- [Work to complete]: An image-free, exact copy of the records below is required.

(Pictures with short captions)
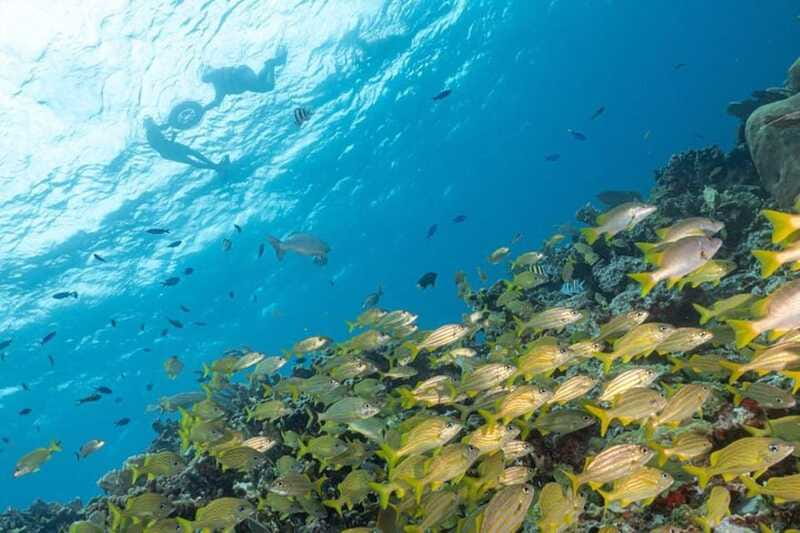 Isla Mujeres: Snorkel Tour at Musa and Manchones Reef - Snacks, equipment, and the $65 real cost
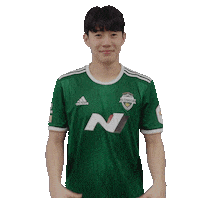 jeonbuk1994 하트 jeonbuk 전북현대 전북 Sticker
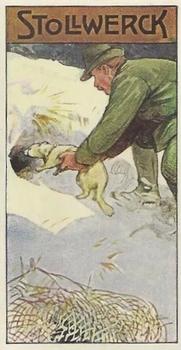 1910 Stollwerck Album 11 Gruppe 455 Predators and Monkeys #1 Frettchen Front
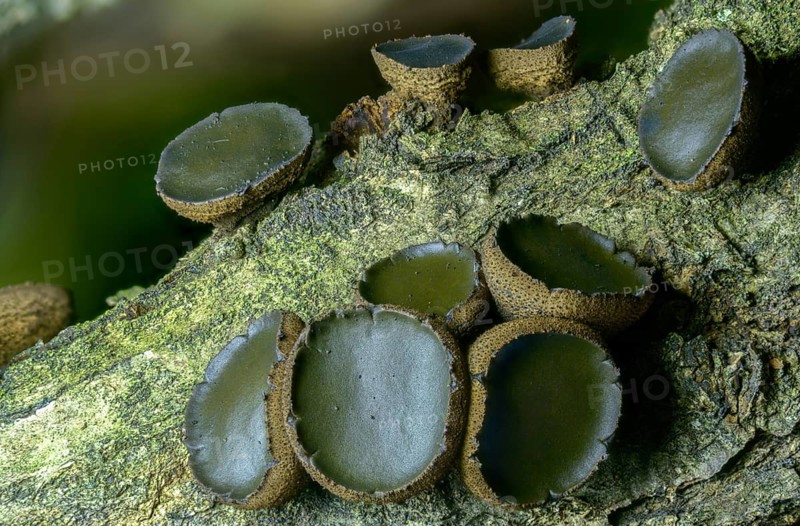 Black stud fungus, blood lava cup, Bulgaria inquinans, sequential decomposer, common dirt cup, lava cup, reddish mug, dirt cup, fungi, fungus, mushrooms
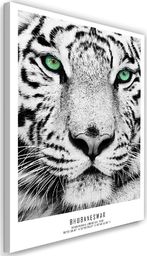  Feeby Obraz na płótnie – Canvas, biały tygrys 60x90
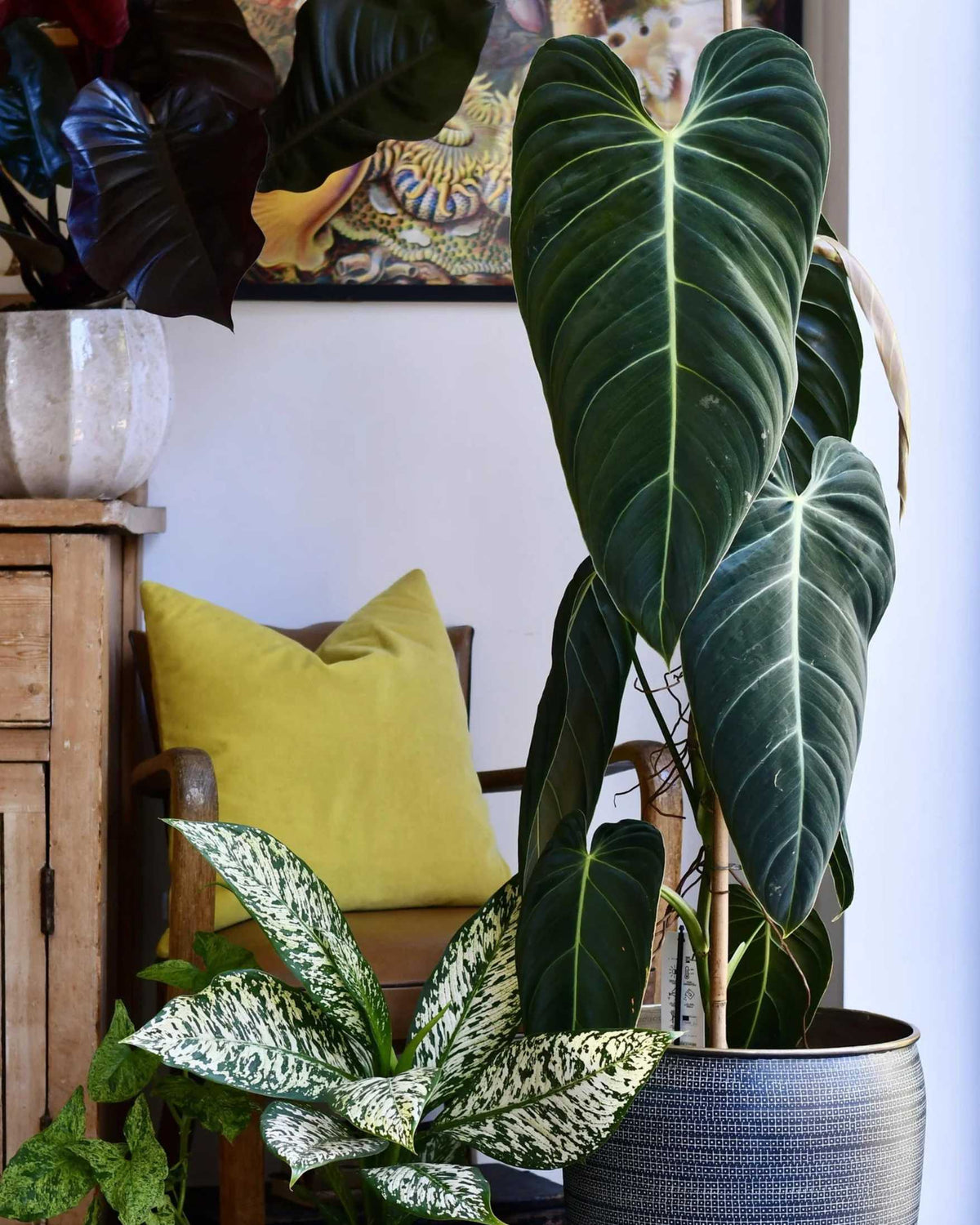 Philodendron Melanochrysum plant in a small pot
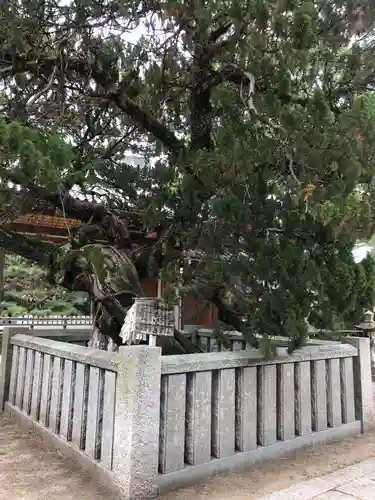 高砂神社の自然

- [Task response]:
 Isla Mujeres: Snorkel Tour at Musa and Manchones Reef - Snacks, equipment, and the $65 real cost
 jeonbuk1994 하트 jeonbuk 전북현대 전북 Sticker
 1910 Stollwerck Album 11 Gruppe 455 Predators and Monkeys #1 Frettchen Front
 Black stud fungus, blood lava cup, Bulgaria inquinans, sequential decomposer, common dirt cup, lava cup, reddish mug, dirt cup, fungi, fungus, mushrooms
  Feeby Obraz na płótnie – Canvas, biały tygrys 60x90
 Philodendron Melanochrysum plant in a small pot
 高砂神社の自然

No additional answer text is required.